Since that 1937 decision, the federal courts have consistently, repeatedly, and without exception, determined that individual wages are income. United States v. Connor, 898 F2d 942. 943 (3rd Cir. 1990) ("Every court which has ever considered the issue has unequivocally rejected the argument that wages are not income"); Wilcox v. Commissioner of Internal Revenue, 848 F2d 1007, 1008 (9th Cir. 1988) ("First, wages are income."); Coleman v. Commissioner of Internal Revenue, 791 F2d 68, 70 (7th Cir. 1986) ("Wages are income, and the tax on wages is constitutional."); United States v. Koliboski, 732 F2d 1328, 1329 n. 1 (7th Cir. 1984) ("Let us now put [the question] to rest: WAGES ARE INCOME. Any reading of tax cases by would-be tax protesters now should preclude a claim of good-faith belief that wages – or salaries – are not taxable") (EMPHASIS IN ORIGINAL); United States v. Romero, 640 F2d 1014, 1016 (9th Cir. 1981) ("Compensation for labor or services, paid in the form of wages or salary, has been universally held by the courts of this republic to be income, subject to the income tax laws currently applicable.... [Taxpayer] seems to have been inspired by various tax protesting groups across the land who postulate weird and illogical theories of tax avoidance all to the detriment of the common weal [sic] and of themselves.").
In addressing the identical issue, the Indiana Tax Court has held that, "Common definition, an overwhelming body of case law by the United Sates Supreme Court and federal circuit courts, and this Court's opinion... all support the conclusion that wages are income for purposes of Indiana's adjusted gross income tax." Snyder v. Indiana Dept. of State Revenue, 723 N.E.2d 487, 491 (Ind. Tax Ct. 2000). See also Thomas v. Indiana Dept. of State Revenue, 675 N.E.2d 362 (Ind. Tax Ct. 1997); Richey v. Indiana Dept. of State Revenue, 634 N.E.2d 1375 (Ind. Tax Ct. 1994).

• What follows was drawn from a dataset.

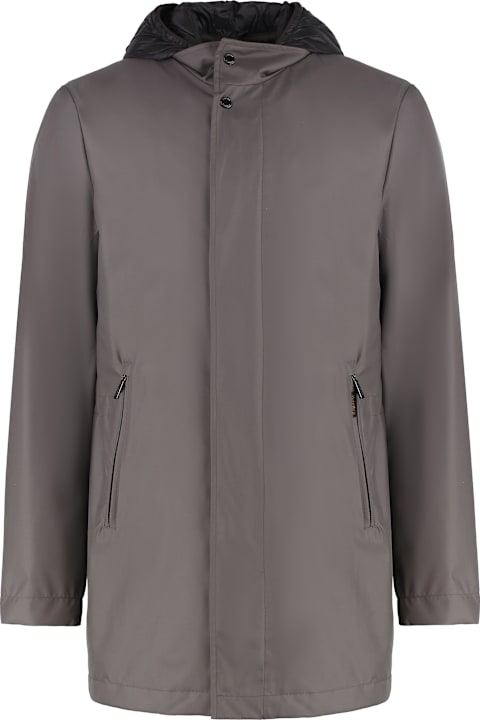 Homeware Moorer Tenno Technical Fabric Parka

Taxpayer's argument – that only corporate gain is subject to either federal or state income tax – is erroneous.
FINDING
Taxpayer's protest is denied.
II. Taxpayer as "Employee" – Adjusted Gross Income Tax.
DISCUSSION
Taxpayer argues that he is not an "employee" pursuant to IC § 6-3-1-6. That portion of Indiana law states that, "The term 'employee' means 'employee' as defined in section 3401(c) of the Internal Revenue Code." Taxpayer then directs the Department's attention to I.R.C. § 3401(c) which reads in full as follows:
For purposes of this chapter, the term "employee" includes an officer, employee, or elected official of the United States, a State or any political subdivision thereof, or the District of Columbia, or any agency or instrumentality of any one or more of the foregoing. The term "employee" also includes an officer of a corporation.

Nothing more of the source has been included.